▶ _About this exercise_
Each line of the data below should be restated exactly, with images left out.

▶ _Dataset section_
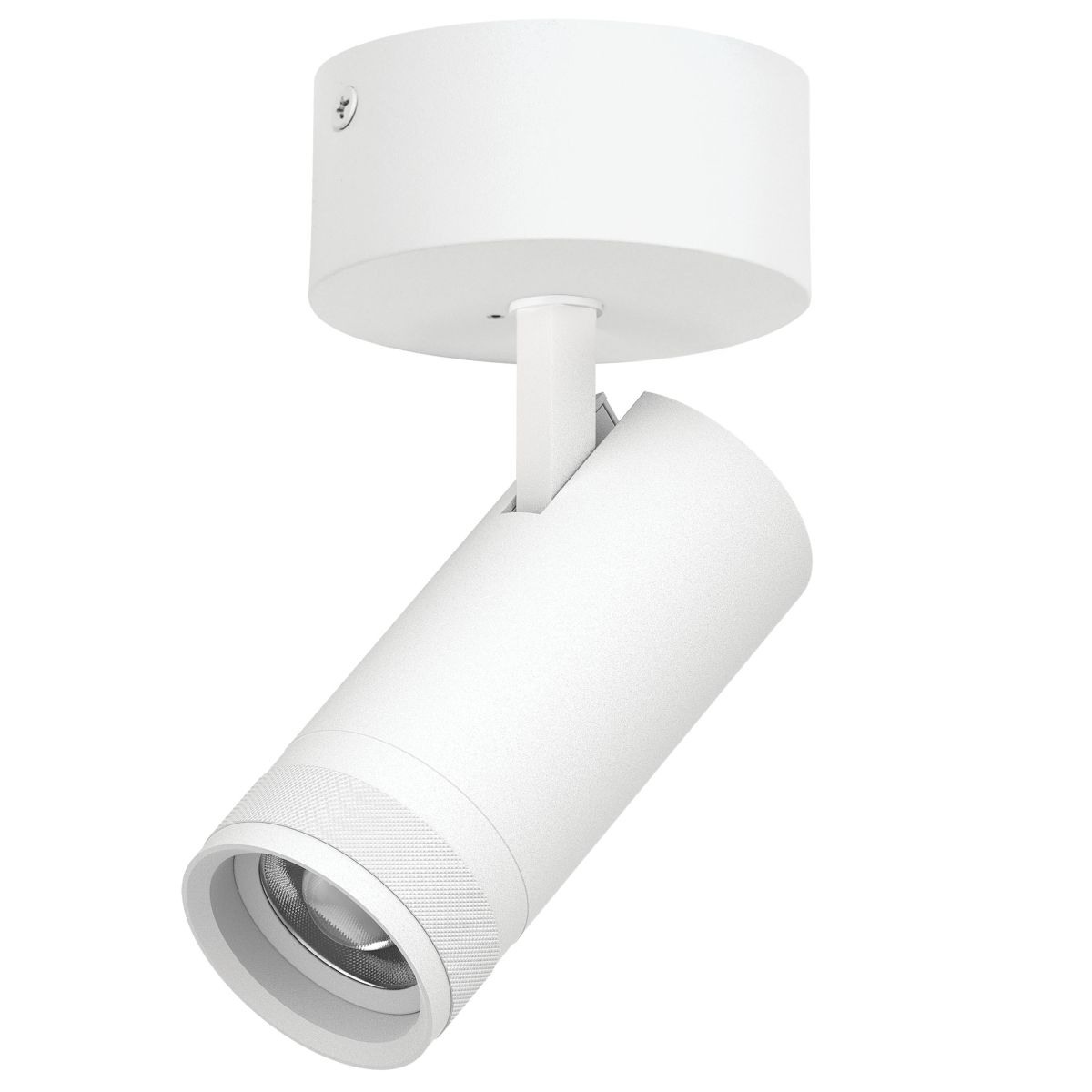 Накладной светильник 20-55G с адаптером Lightstar Canno Pro C4206SO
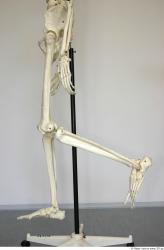 Skeleton poses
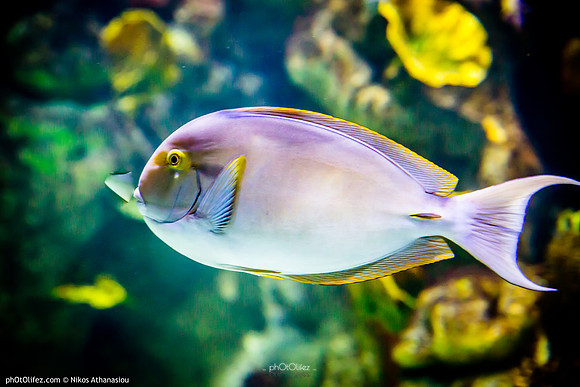 Fakieh Aquarium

▶ _Output for this task_
 Накладной светильник 20-55G с адаптером Lightstar Canno Pro C4206SO
 Skeleton poses
 Fakieh Aquarium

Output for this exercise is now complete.